Traditional noncontact commercial instruments such as LuphoScan can only be used to measure rotationally symmetric workpieces. However, the measurement method proposed in this paper can be used to measure nonrotationally symmetric surfaces with a high degree of curvature. In this study, a nonrotationally symmetric F-theta mirror was measured to verify the feasibility of the system. The diameter of the conical mirror we measured was 90 mm, and the maximum inclination angle was 44.8°. However, because the two sides of the F-theta mirror were in an arc transition, the final measurement range was 70 mm after abandoning this part. The measurement results are shown in Figure 13b. The RMS was 5.2 μm between the measured workpiece and the ideal surface. The results of repeated measurement of the workpiece are shown in

Table 7. The results of repeated measurement of the F-theta mirror.

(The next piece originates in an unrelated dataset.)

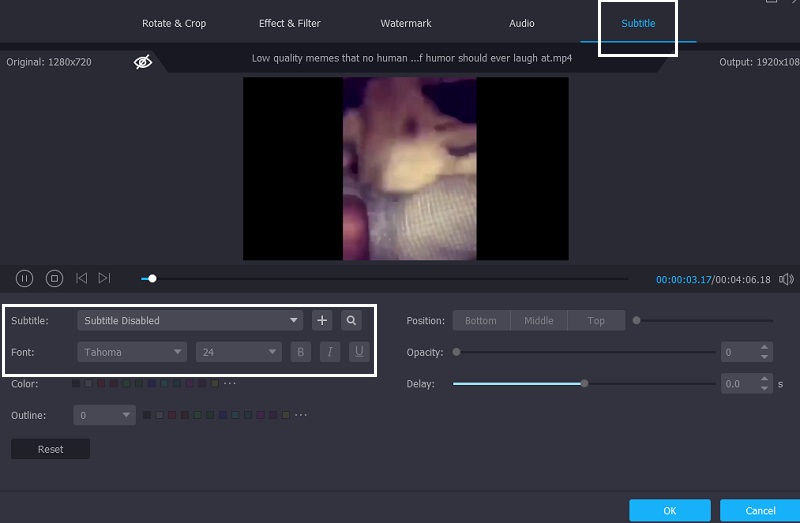 Vidmore で M4V に字幕を追加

Measurement Number	RMS (μm)
1	5.2
2	5.1
3	5.2
4	5.3
5	5.3
Mean	5.22

.

Because LuphoScan cannot measure nonrotationally symmetric surfaces, we used a contact profilometer to measure the F-theta mirror and compare the measurement results. The measurement results are shown in Figure 13d. From the results of the workpiece’s measurement with the profilometer, the RMS was 4.9 μm. The measurement system obtained the average RMS of 5.22 μm after many experiments.

6. Conclusions

In this paper, a new dual-axis rotational scanning measurement method was proposed for highly curved freeform surfaces, whose measurement is limited by the angular tolerance of the probe and the complexity of the system. The system error and calibration problems during actual measurement were solved, and the measurement of a highly curved freeform surface was finally realized. Our conclusions can be summarized as follows:

(1)

An optical, noncontact, dual-axis rotary scanning measurement method was proposed to solve the problem of the traditional probe being limited by the measurement range and the angular tolerance. The optical probe can scan the surface profile while always keeping consistent with the normal vector of the measuring points with the help of the double rotation axis. This method can adapt to the changes in curvature in any direction on a highly curved freeform surface.

(2)

We provided a system error calibration technique for rotation axis errors. The key system errors that affect the measurement accuracy were analyzed through the establishment of an error model. Then, the real error values were obtained by the optimal calculation in the calibration process and compensated for in the measurement process. The advantages of this method are that it avoids the additional use of high-precision equipment and calibrates the system’s accuracy conveniently and at low cost.

(3)

We measured two highly curved freeform surfaces (a cone mirror and an F-theta mirror) in experiments. The experimental results show that the measurement accuracy of the system reaches the micron level. The feasibility of the measurement method was verified by comparing the results obtained using the proposed method to those obtained using commercial equipment.

(4)

The proposed method can also be applied to correct the error in measurements obtained using other multi-axis measurement systems. It is worth noting that, due to the accuracy of the used hardware, the measurement accuracy of the system is limited. If hardware with higher accuracy is used in the future, the measurement accuracy will be further improved.